Dans cet ouvrage, nous voyageons au Maroc à travers le personnage d’Isabelle, touriste française à la dérive qui tente d’oublier "l’homme qu’elle a quitté quelques semaines plus tôt". Elle lui écrit des lettres qu’elle ne lui enverra jamais et déjà le vent se glisse entre les pages de ce livre car il emporte dans "une bourrasque" "les feuilles de papier qui s’envolent"...

D’emblée le vent lève et balaie tous les tabous ! Elsa Nagel évoque le portrait de femmes mûres à la recherche de jeunes Marocains, les nuits de transe dans les boîtes de nuit....Mais aussi l’ennui...

Amie avec une femme de chambre de son hôtel, Isabelle découvre le hammam et la crainte d’être possédée par un jnoun qui pourrait investir son corps, dans un patio, nous nous enivrons avec elle du parfum du jasmin en fleurs et de celui du chèvrefeuille qui "embaument l’air". Tous nos sens sont sollicités par des images belles et intemporelles dans l’évocation de "L’Andalousie rayonnante".
Mais un jour, il n’y a plus trace d’Isabelle à l’hôtel et Selim, le jeune Marocain avec lequel elle converse souvent dans un café, découvre qu’elle a loué une chambre délabrée à la sortie de la ville.

Désormais Isabelle promènera "sa blondeur et ses yeux bleus" dans les bas fonds de Tanger où "les amants d’un soir se succèdent". Une façon peut-être de se perdre pour mieux se retrouver...Car son "inquiétante étrangeté" donne un tempo particulier à ce livre qui casse bon nombre de clichés. On y découvre des Marocaines émancipées, Isabelle se lie avec certaines d’entre elles, faisant ainsi l’expérience de la sororité, notamment dans sa complicité avec la maman de la petite Kenza ou encore avec Khaddoudj, la femme de chambre.

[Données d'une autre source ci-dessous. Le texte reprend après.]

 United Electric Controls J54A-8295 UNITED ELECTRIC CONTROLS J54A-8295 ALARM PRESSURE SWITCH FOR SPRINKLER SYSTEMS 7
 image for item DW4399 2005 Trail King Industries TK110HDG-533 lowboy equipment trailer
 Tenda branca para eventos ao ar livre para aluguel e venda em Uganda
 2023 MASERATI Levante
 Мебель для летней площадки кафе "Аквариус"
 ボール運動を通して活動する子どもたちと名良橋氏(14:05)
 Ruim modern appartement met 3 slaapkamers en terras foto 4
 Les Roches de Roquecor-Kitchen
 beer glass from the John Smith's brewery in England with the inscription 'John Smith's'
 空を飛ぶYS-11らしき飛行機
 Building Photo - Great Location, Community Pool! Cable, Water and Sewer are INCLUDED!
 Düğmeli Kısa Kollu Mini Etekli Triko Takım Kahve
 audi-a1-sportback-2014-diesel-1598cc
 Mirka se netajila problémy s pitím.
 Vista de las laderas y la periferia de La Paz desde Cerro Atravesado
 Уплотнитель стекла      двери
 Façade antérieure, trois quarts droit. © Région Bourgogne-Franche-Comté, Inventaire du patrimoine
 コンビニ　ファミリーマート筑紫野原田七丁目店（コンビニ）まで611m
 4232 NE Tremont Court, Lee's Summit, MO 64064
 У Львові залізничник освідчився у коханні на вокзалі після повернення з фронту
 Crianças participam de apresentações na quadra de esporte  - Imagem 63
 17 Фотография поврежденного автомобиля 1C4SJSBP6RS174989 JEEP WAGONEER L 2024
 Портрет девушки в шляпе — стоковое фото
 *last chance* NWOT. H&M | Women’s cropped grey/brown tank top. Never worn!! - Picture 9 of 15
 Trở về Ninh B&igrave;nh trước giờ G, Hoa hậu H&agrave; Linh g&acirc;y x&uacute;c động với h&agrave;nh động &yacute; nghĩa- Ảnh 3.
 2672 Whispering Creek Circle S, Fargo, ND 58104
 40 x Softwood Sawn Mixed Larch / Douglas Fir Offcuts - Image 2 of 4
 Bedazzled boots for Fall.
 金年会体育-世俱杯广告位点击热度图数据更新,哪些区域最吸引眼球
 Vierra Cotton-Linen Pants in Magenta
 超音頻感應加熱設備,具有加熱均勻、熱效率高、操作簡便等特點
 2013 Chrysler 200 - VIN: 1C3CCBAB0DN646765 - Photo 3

Une infinie mélancolie empreinte de poésie parcourt les feuillets de ce livre magnifiquement écrit. Elsa Nagel y danse avec les mots et les images à l’instar d’Isabelle, son héroïne qui finit par danser avec le vent "qui ne l’effraie plus".

Ce livre très court exerce un charme sur le lecteur tel un philtre ou un djoun, le vent y distille sa musique insinuante et insidieuse tout comme dans la nouvelle de Paul Bowles "Réveillon à Tanger" où le sujet principal est une maison héritée à Tanger que "le vent traverse de part en part".

Nul doute que la magie opère, l’écriture d’Elsa Nagel insuffle un vent d’une telle intensité et d’une telle magnificence dans cet ouvrage qu’il sera difficile d’en "réchapper", pour reprendre et parodier la dernière phrase de son récit.